Aim of the exercise: The range runs from the line containing "Blue puppy t-shirt" to the last line of the entries. Restate those lines word for word, without the pictures.
**** Records shown ****
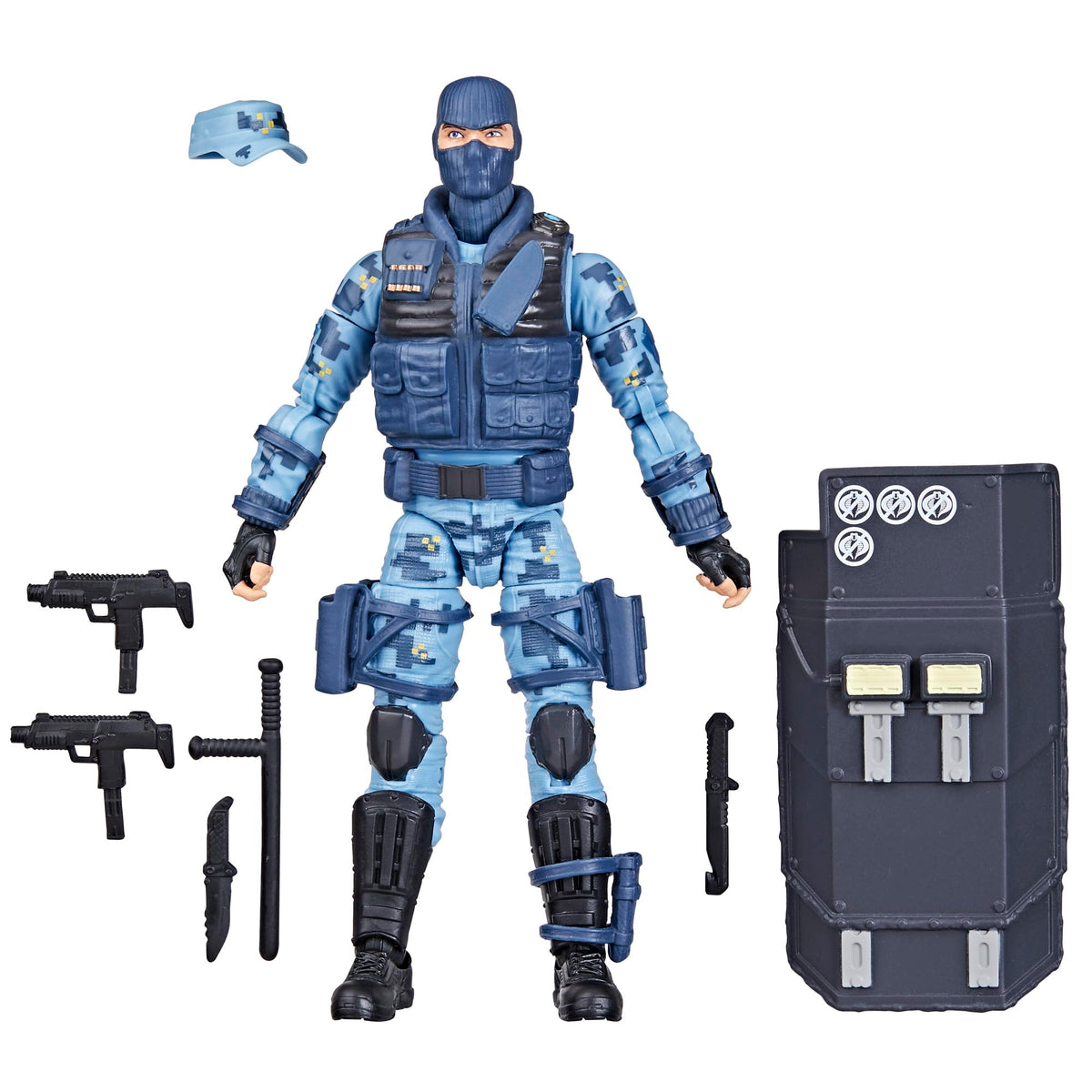 G.I. Joe Classified Series Jason Shockwave Faria front view for display-ready pose.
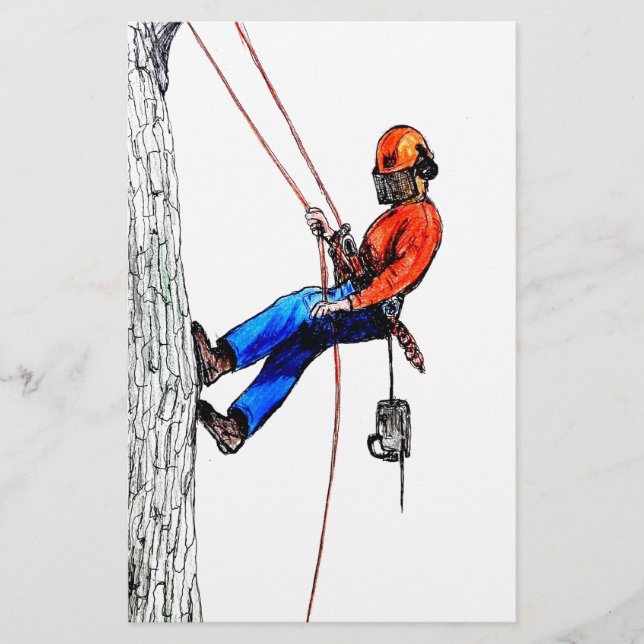 Papeterie Tree Surgeon Arborist (Devant)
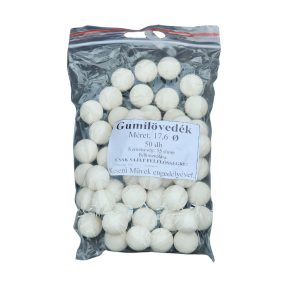 Gumigolyó 17,6 mm 3,2g fehér 50-55 shore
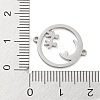 Non-Tarnish 304 Stainless Steel Hollow Connector Charms STAS-P332-09P-3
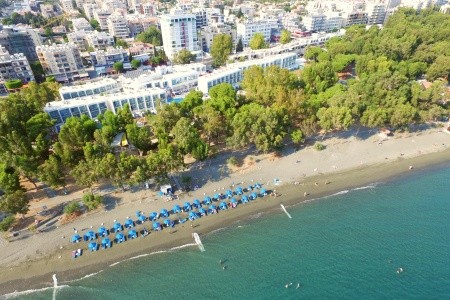 Park Beach - Kypr v listopadu s ledničkou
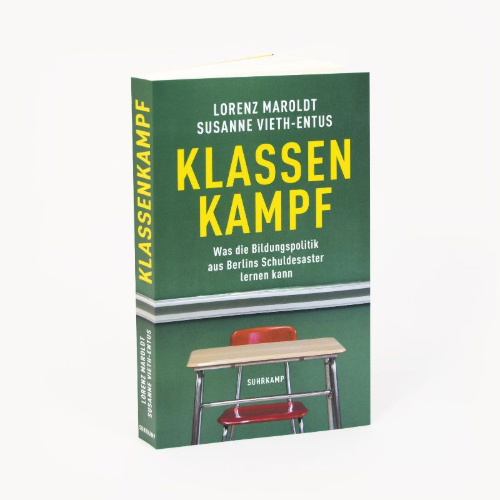 Buchcover und Innenansicht für das Buch: Klassenkampf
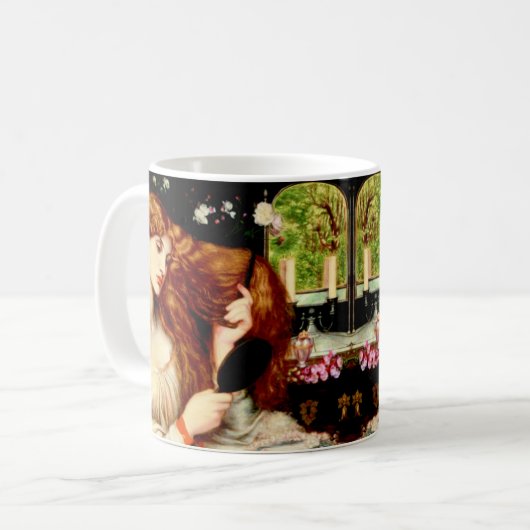 Rossetti mok (Voorkant links)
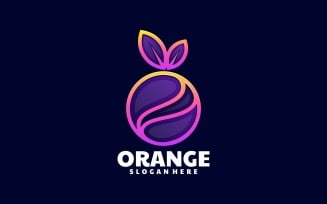 Orange Line art Logo Design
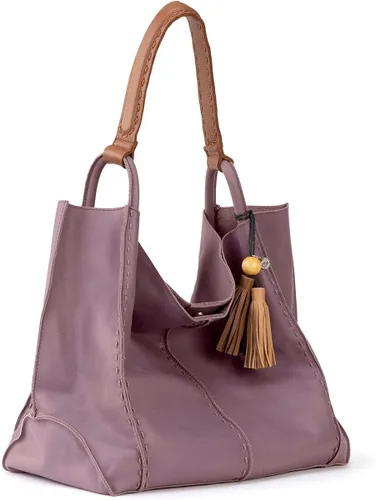 Vista 2 de The Sak Los Feliz Large Tote Bag in Leather, Roomy, Unlined Purse with Single Shoulder Strap
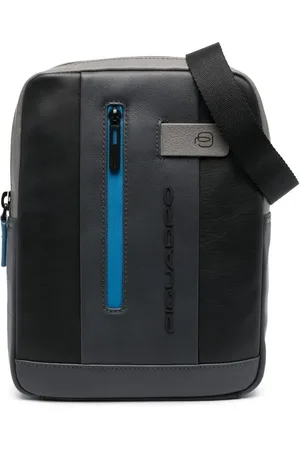 Piquadro Mochila tipo mensajero con forma de mieda luna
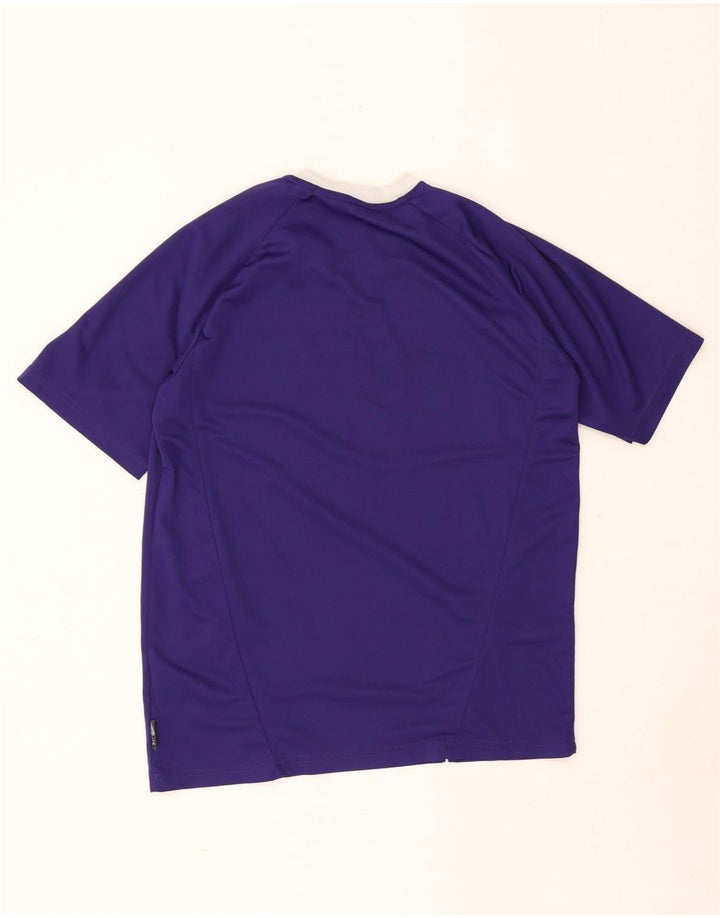 T-shirt da uomo Adidas Top Small viola color block in poliestere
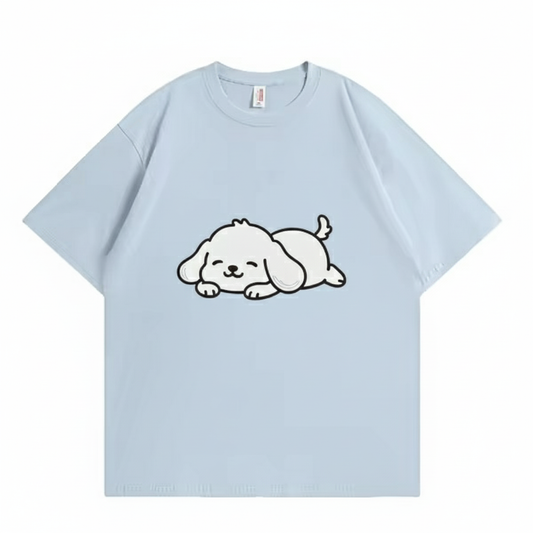 Blue puppy t-shirt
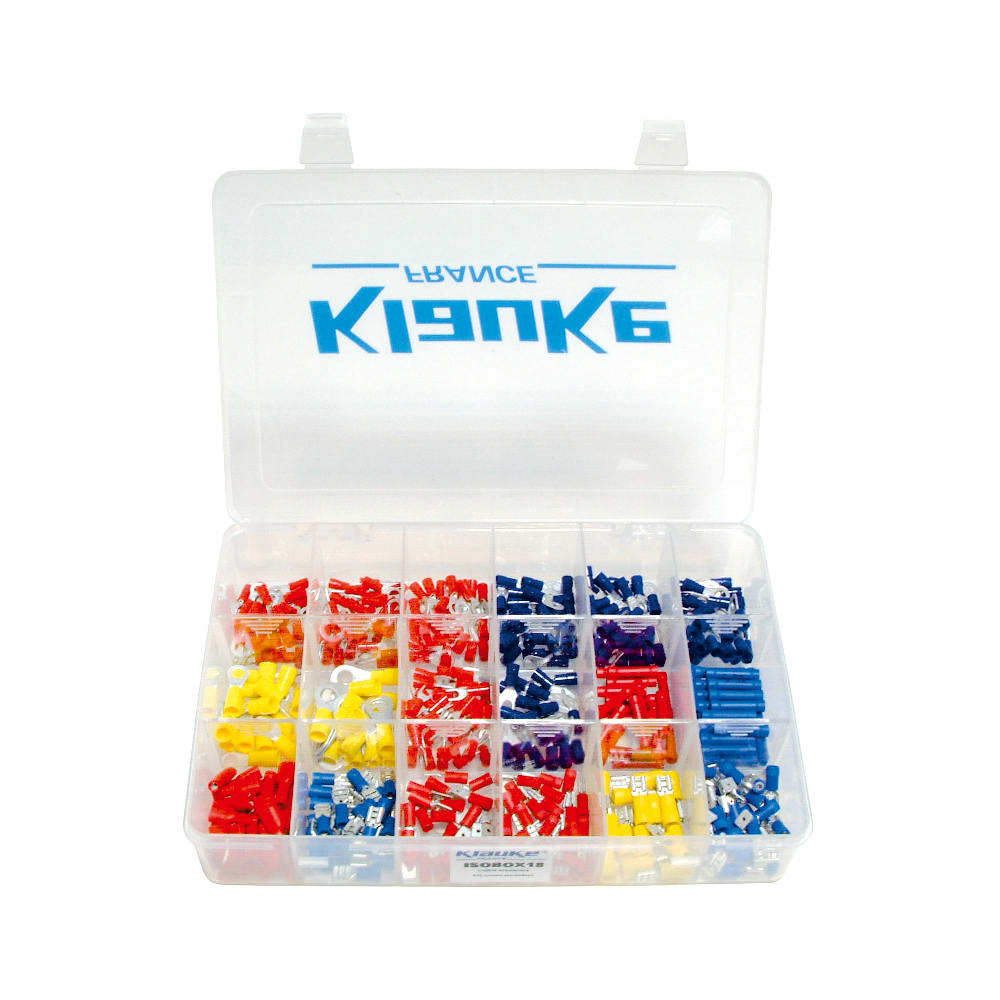 Klauke - Fiche femelle avec dérivation, pré-isolée rouge, section: 0,5 à 1,5mm²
****
Solved exercise:
 Blue puppy t-shirt
 Klauke - Fiche femelle avec dérivation, pré-isolée rouge, section: 0,5 à 1,5mm²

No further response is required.